INPUT section start
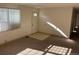 Bright and airy living room with carpet and a front door, ready for personal touches at 5543 Victor St, Denver, CO 80239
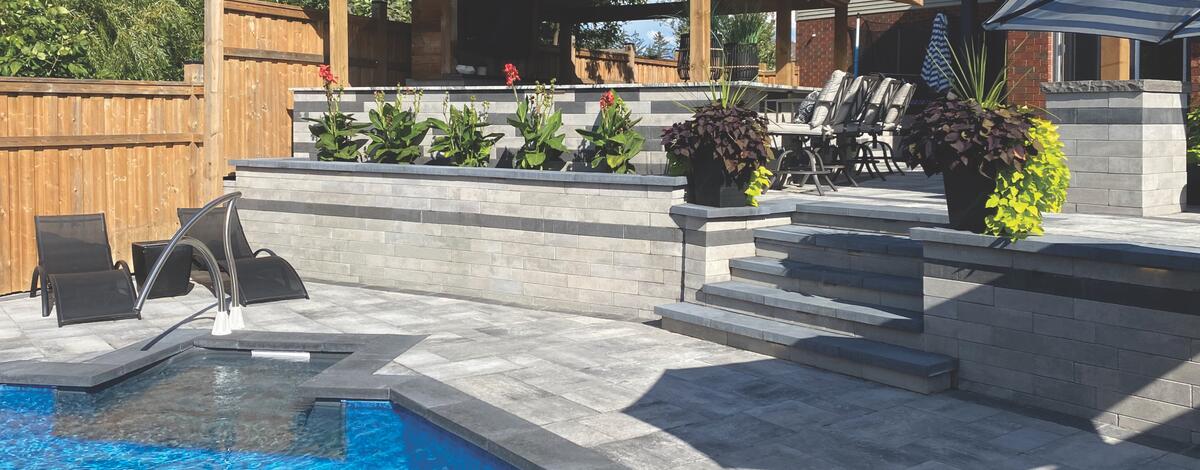 Backyard pool deck and walls using Oaks Landscape products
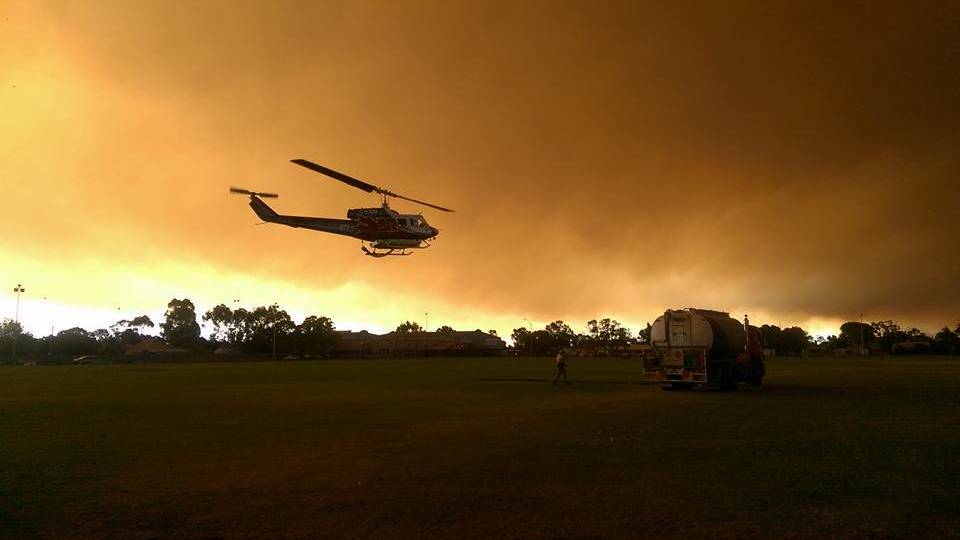 A firefighting helicopter fueling up an oval in Harvey on Thursday night. Photo: Monique Warnock. 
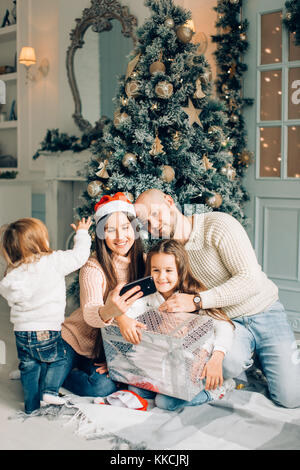 Famille de quatre jeunes heureux de prendre une photo d'eux-mêmes par une cheminée Banque D'Images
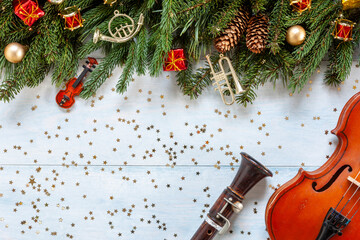 Old violin and flute with fir-tree branches with Christmas decor. Christmas and New Year's concept....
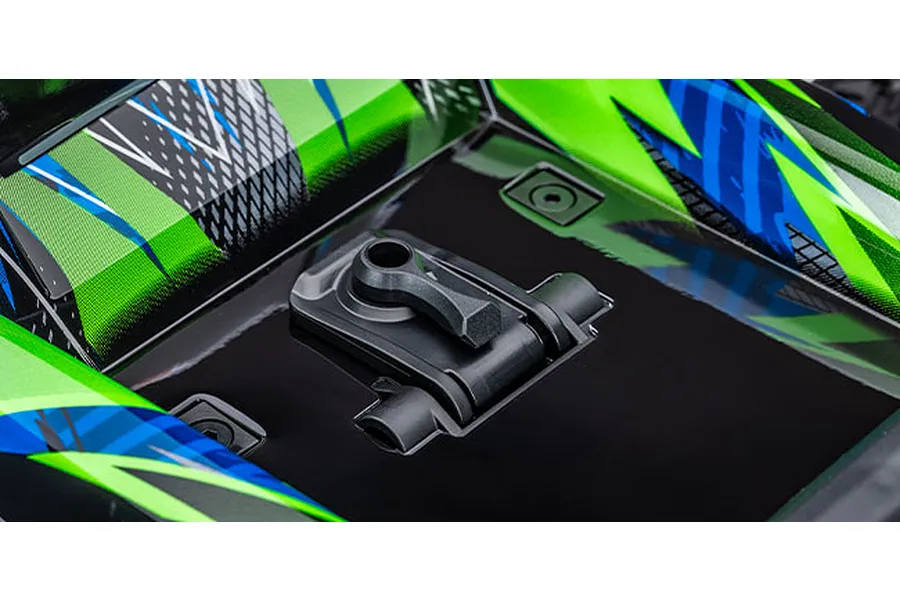 Close-up of the clipless body mounting latch on a green and blue Traxxas RC truck body.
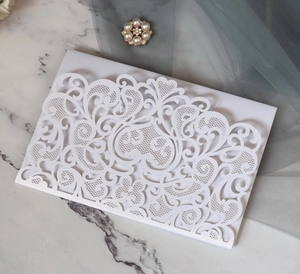 Macro shot of laser-cut white pearl paper wedding invitation with intricate lace patterns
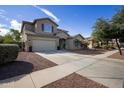 Two-story house with a driveway and landscaping at 11967 W Vernon Ave, Avondale, AZ 85392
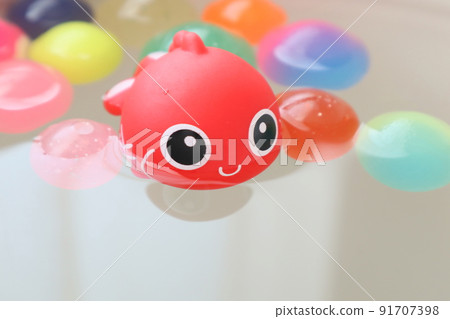 Cute goldfish and colorful bouncy balls 91707398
INPUT section end
ASSIGNMENT> Exact wording is required throughout: write out all the records, but no pictures.

ANSWER TO THIS TASK>
 Bright and airy living room with carpet and a front door, ready for personal touches at 5543 Victor St, Denver, CO 80239
 Backyard pool deck and walls using Oaks Landscape products
 A firefighting helicopter fueling up an oval in Harvey on Thursday night. Photo: Monique Warnock. 
 Famille de quatre jeunes heureux de prendre une photo d'eux-mêmes par une cheminée Banque D'Images
 Old violin and flute with fir-tree branches with Christmas decor. Christmas and New Year's concept....
 Close-up of the clipless body mounting latch on a green and blue Traxxas RC truck body.
 Macro shot of laser-cut white pearl paper wedding invitation with intricate lace patterns
 Two-story house with a driveway and landscaping at 11967 W Vernon Ave, Avondale, AZ 85392
 Cute goldfish and colorful bouncy balls 91707398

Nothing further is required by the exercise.